Nekima Levy-Pounds of the Minneapolis NAACP fundamentally disagrees with Luger's opposition to simply handing the case over to a jury. She and other members of Black Lives Matter Minneapolis gathered outside the gates of the FBI building in Brooklyn Center for their own news conference immediately following Luger's.
"The questions that he raised are questions that a jury should have to grapple with," Levy-Pounds says. "We should not have government authorities able to usurp the power of the people. What is the point of having a jury make a decision if our government leaders are going to decide that matters of this magnitude are not going to go to a jury? How many African Americans are prosecuted on a regular basis, by the federal government ... where there's scant evidence, and they still go forward?"
Luger explained his reasoning to Clark's family in a private meeting prior to giving his statements to the media on Thursday.
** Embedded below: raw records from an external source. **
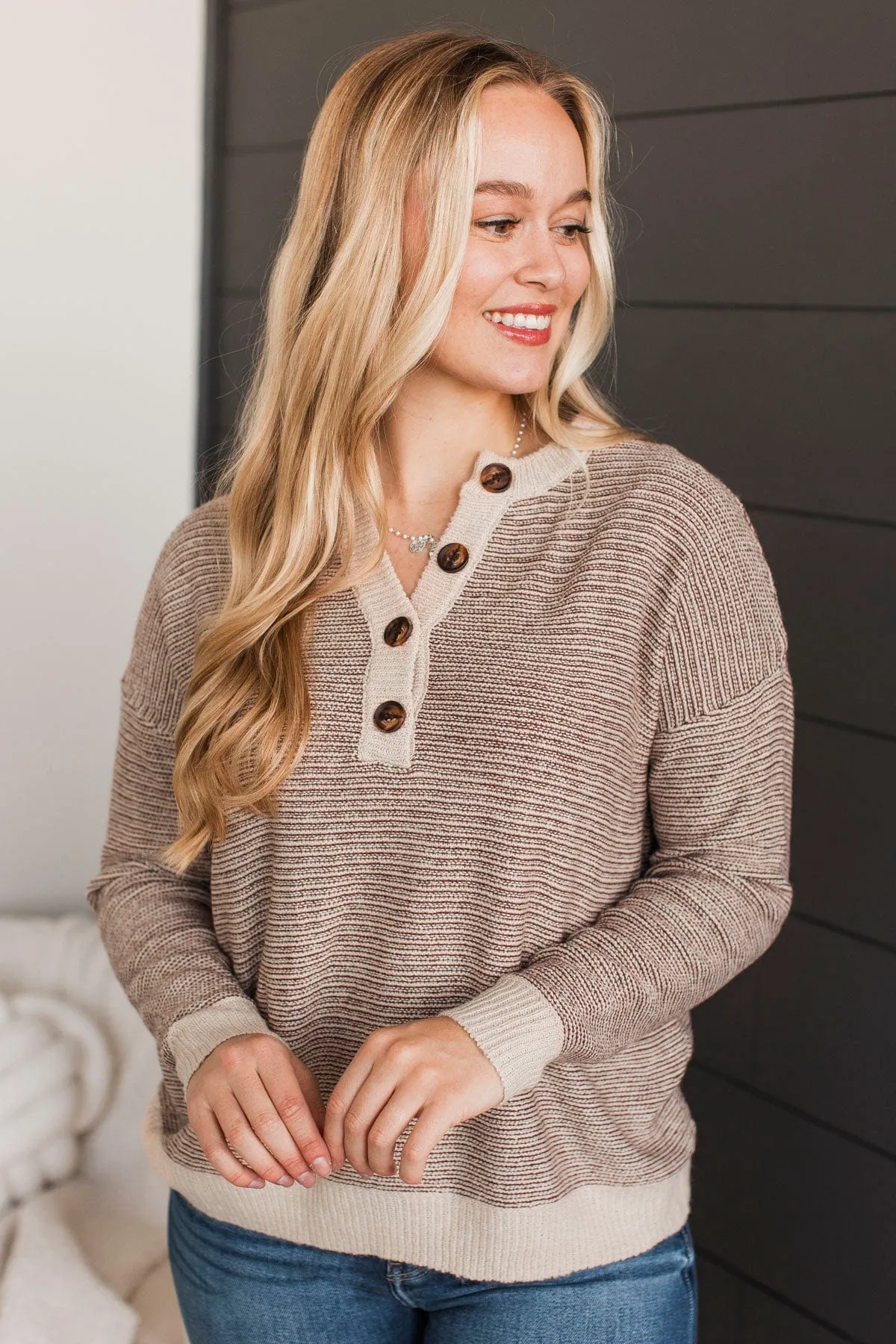 Best Thing About You Henley Sweater- Cream & Brown
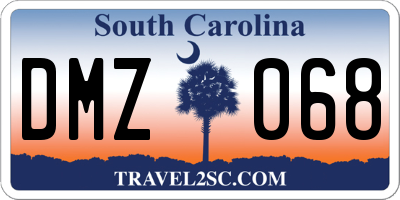 SC license plate DMZ068
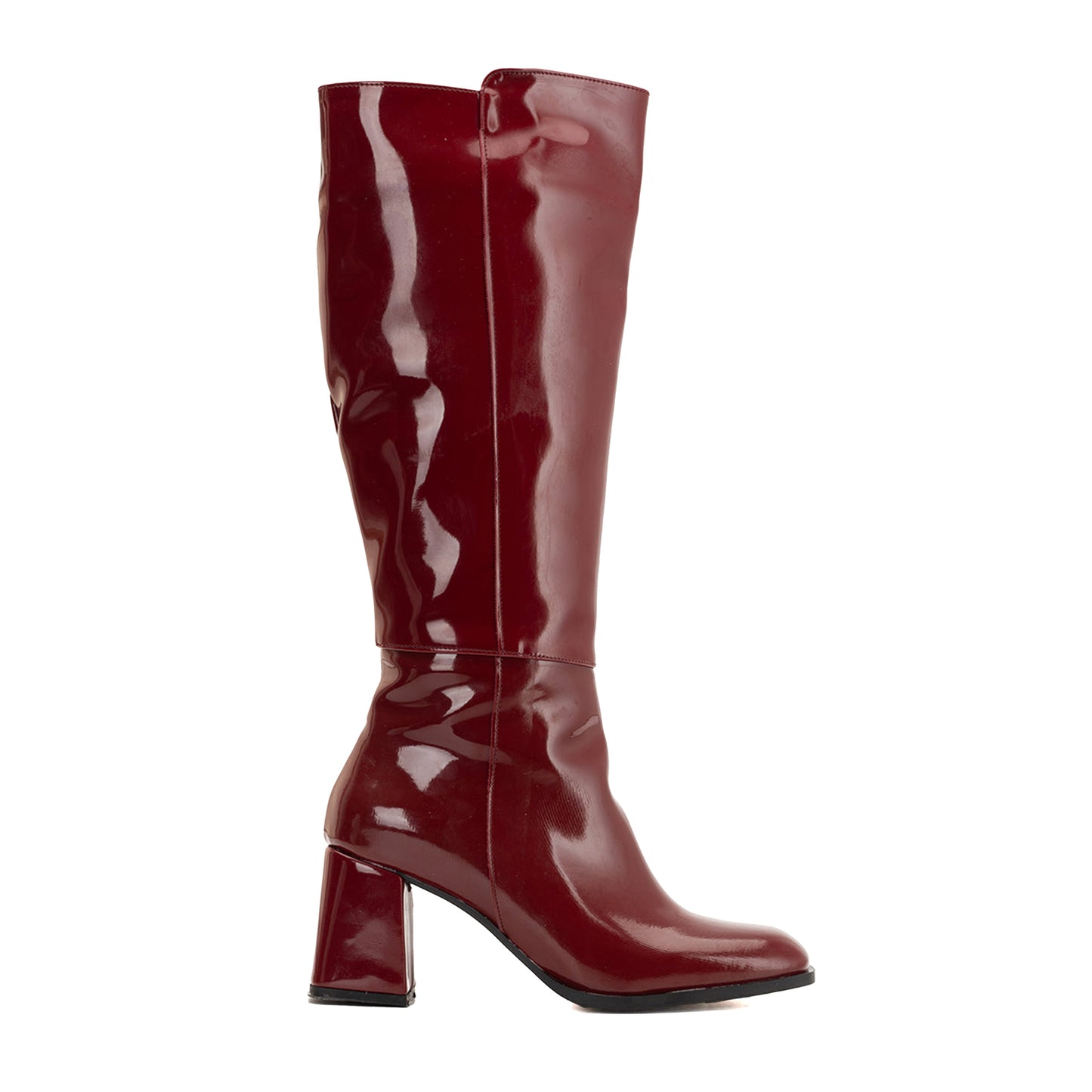 Adele - Burgundy Patent Knee High Boots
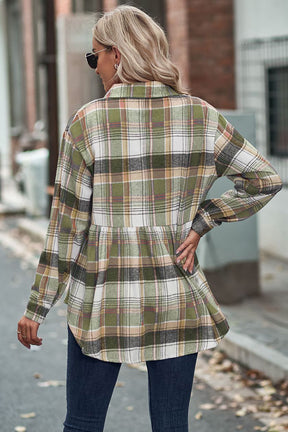 Lapel Long Sleeve Pocket Casual Plaid Shirt-AL9574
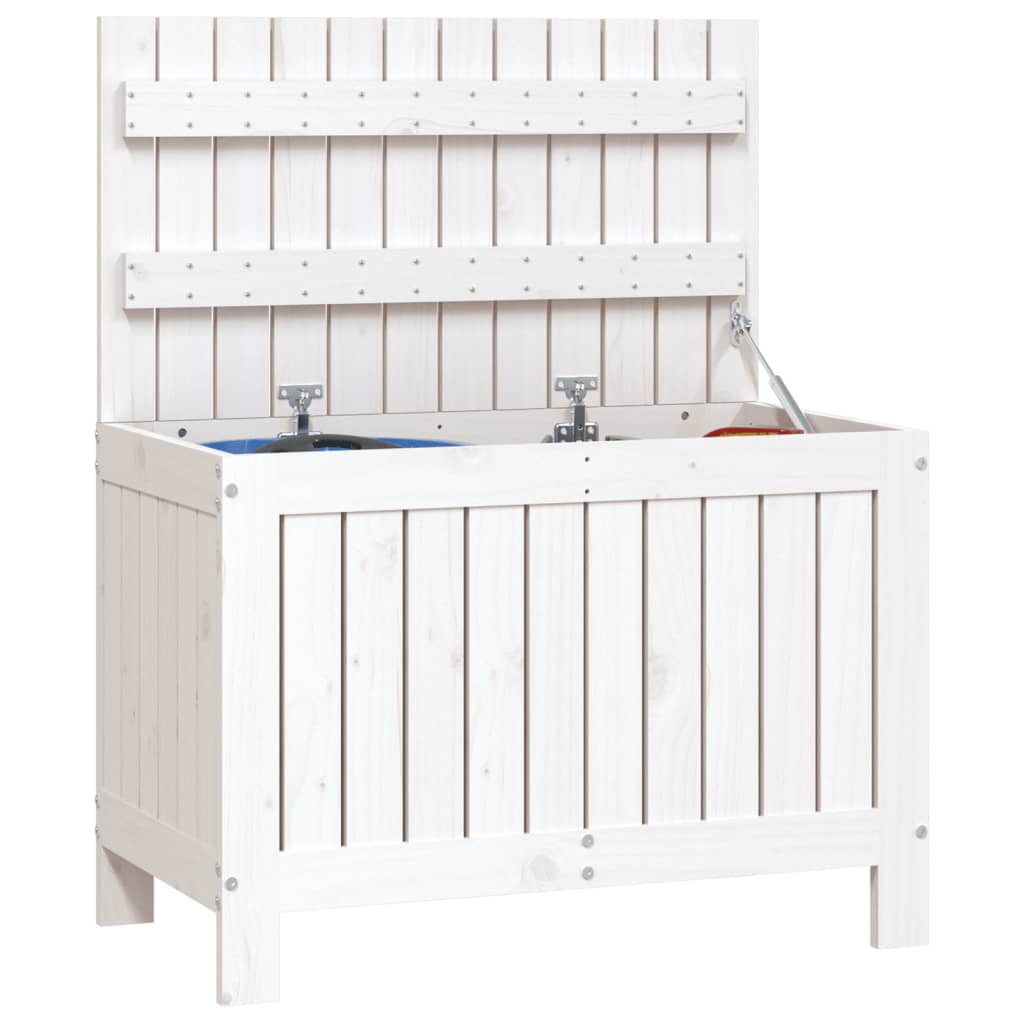 Solid Pine Garden Storage Box, White 76x42.5x54 cm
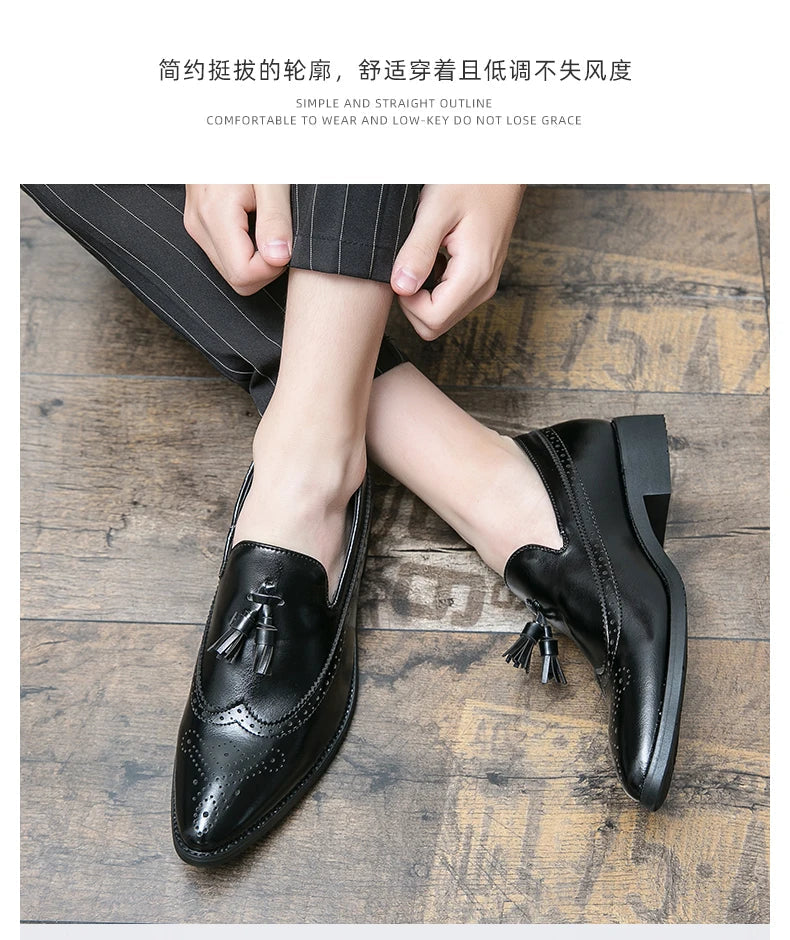 Dress Shoes Men Tassel Formal Leather Shoes Male Classic Social Casual Business Brogue Shoes Wedding Party Leather Loafers Male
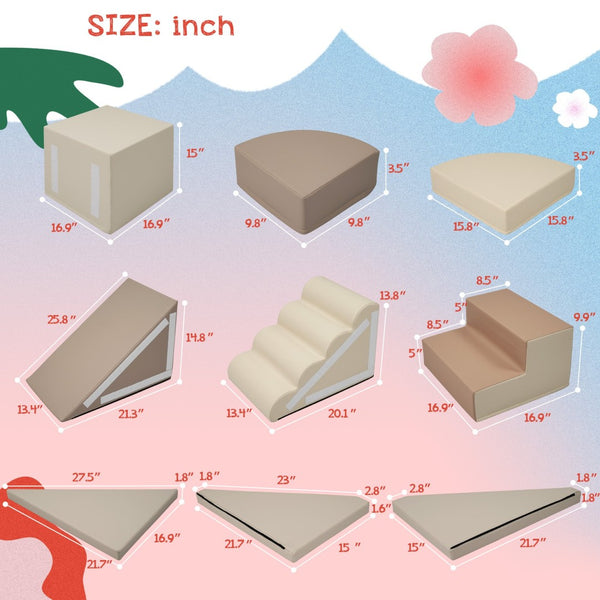 English Elm 9-piece Soft Foam Kids Climbing Crawl Play Set Indoor Toddler Activity Blocks N710P370562E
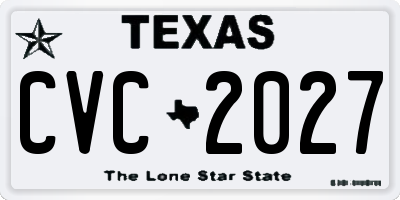 TX license plate CVC2027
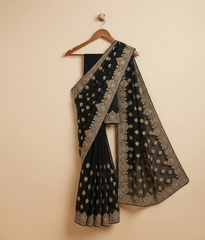 Black Hand-worked Gilded Chiffon Saree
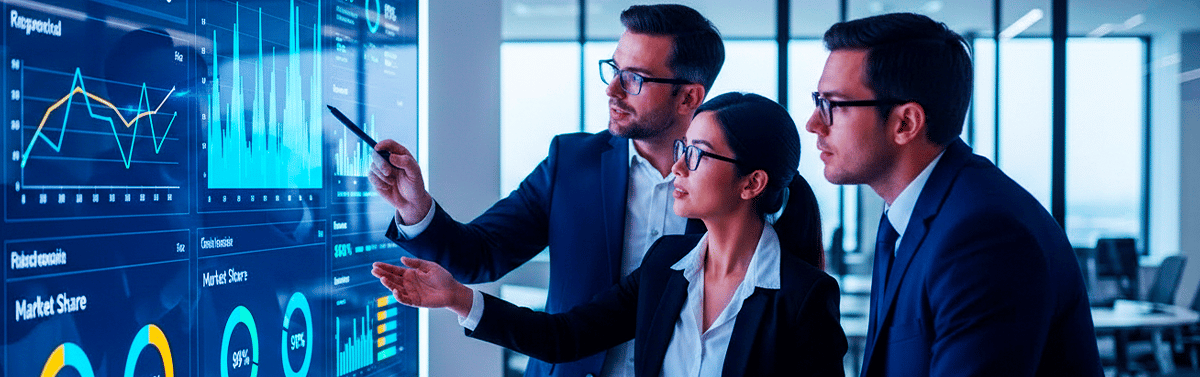 equipe observando gráficos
He took no questions from reporters. According to the U.S. Attorney's Office, Luger will meet privately with community leaders on Thursday and Friday.
Raeisha Williams, a city council candidate for the Fifth Ward, questioned who these "community leaders" are, saying no one from the NAACP nor Black Lives Matter was invited.
"So what groups are you bringing to the table, people you have in your pockets?" Williams says. "They cannot stand on the wrong side. They have to do the right thing. We are chasing everybody out of the community who is not for the community. We're calling everybody out today. Either stand on the right side or move out the way."